[[ DATA FOR THIS TASK open ]]
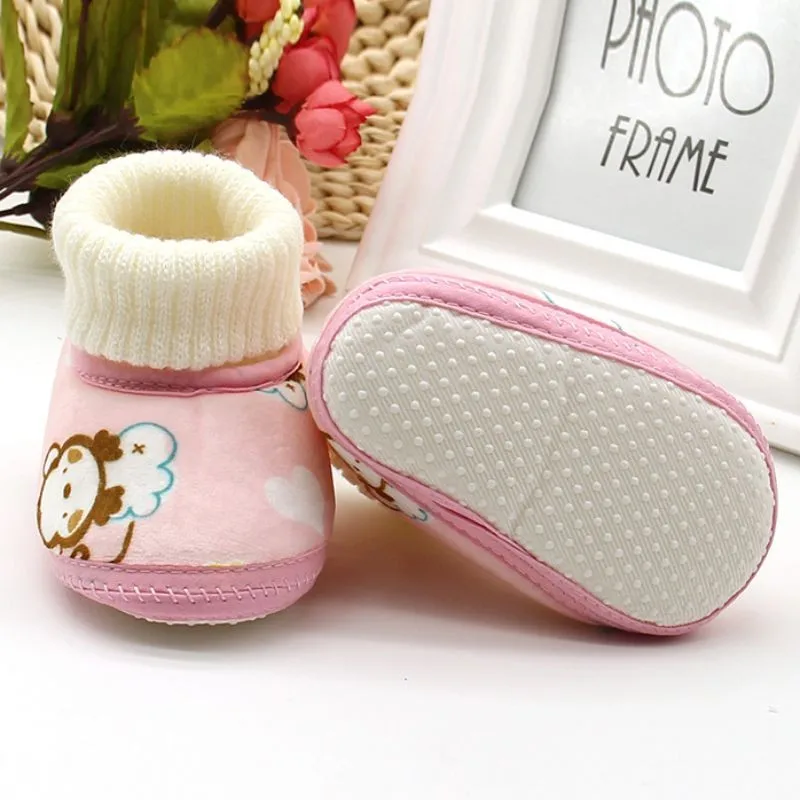 Милые детские зимние ботинки с принтом «Luo»; теплые ботинки на мягкой подошве для маленьких девочек и мальчиков; ботинки для малышей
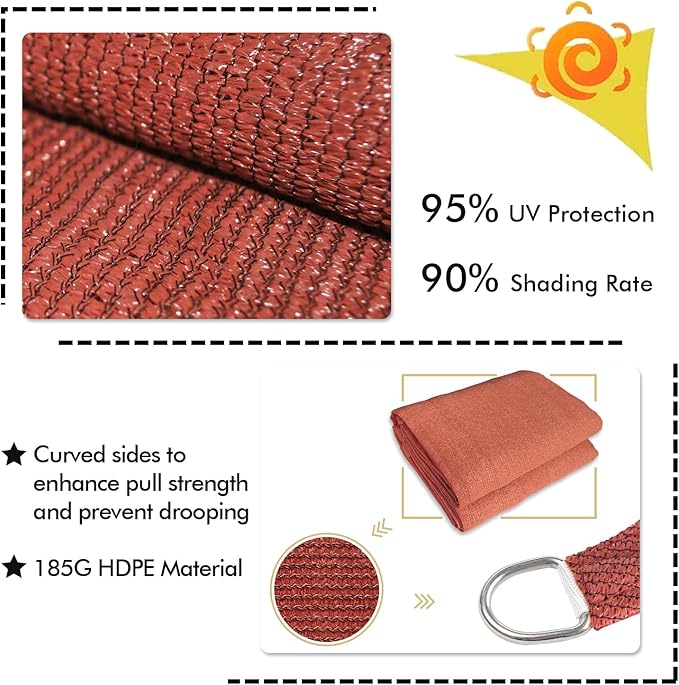 KANAGAWA 10'X13' Rust Red Custom Size Sun Shade Sail Rectangle UV Block Canopy Cover for Patio Backyard Lawn Garden Outdoor (Customized Available)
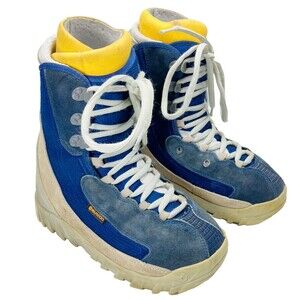 Burton Moto Snowboard Boots Suede Blue Mens 8.5 Womens 9.5 41.5 Removable Liners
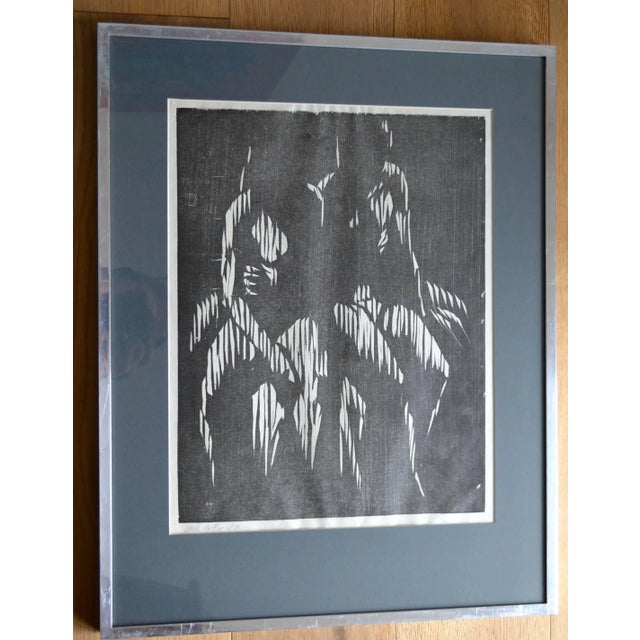 Gerald Coles - Original 1958 Woodcut. Signed and dated in pencil lower left corner. On Japan paper. Numbered 1/50. In fine...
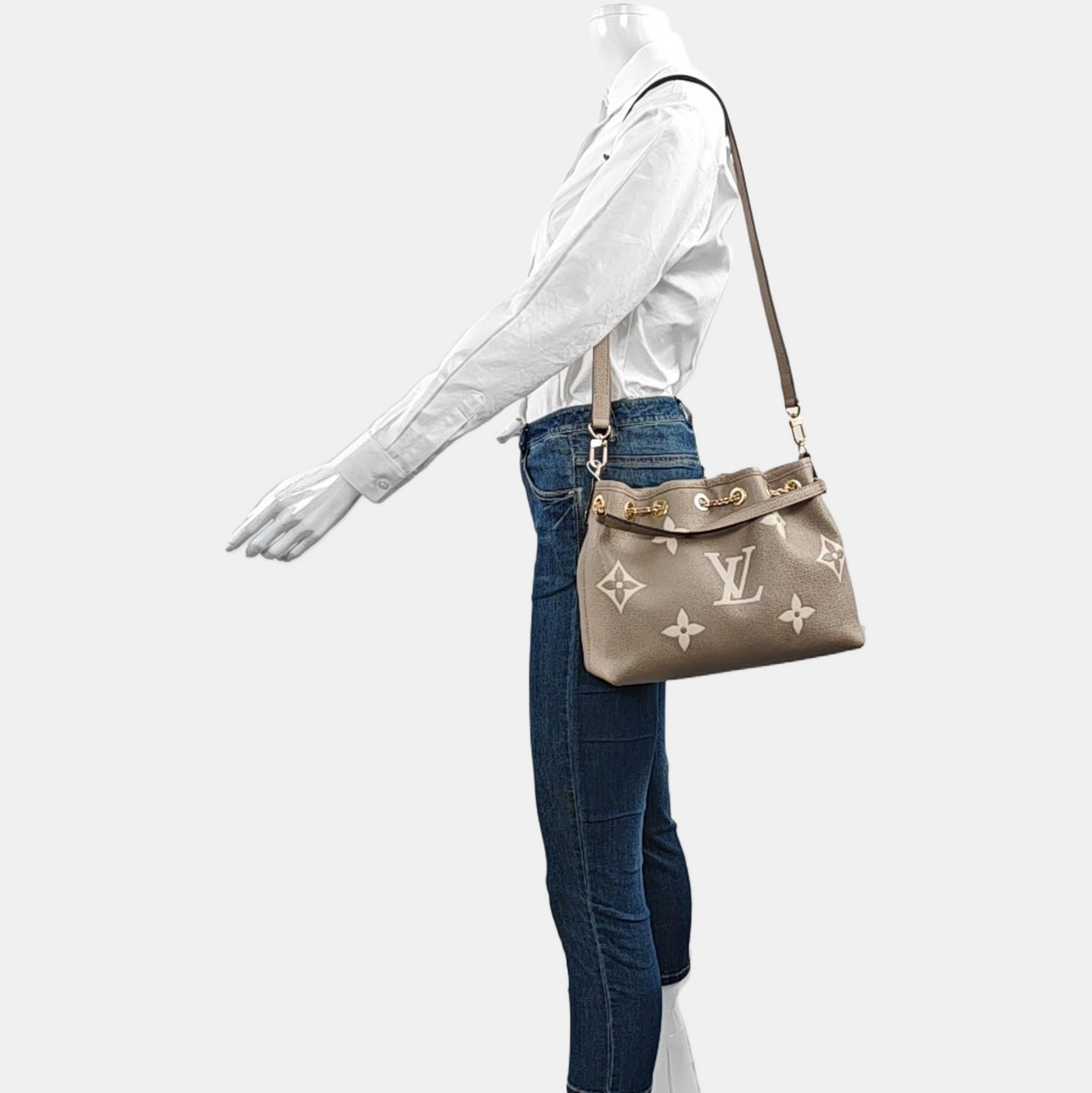 LOUIS VUITTON BUNDLE Elephant Grey Calfskin Monogram Crossbody Bag, Handle Bag, Shoulder Bag with Detachable Strap, Golden Hardware, Pouch Detachable-(SKU)-969173040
[[ DATA FOR THIS TASK closed ]]
● INSTRUCTIONS TO FOLLOW
Give again, word for word, the line that contains "Gerald Coles - Original" and every line after it through the end of the entries; omit the pictures.

● ANSWER TO THIS TASK
 Gerald Coles - Original 1958 Woodcut. Signed and dated in pencil lower left corner. On Japan paper. Numbered 1/50. In fine...
 LOUIS VUITTON BUNDLE Elephant Grey Calfskin Monogram Crossbody Bag, Handle Bag, Shoulder Bag with Detachable Strap, Golden Hardware, Pouch Detachable-(SKU)-969173040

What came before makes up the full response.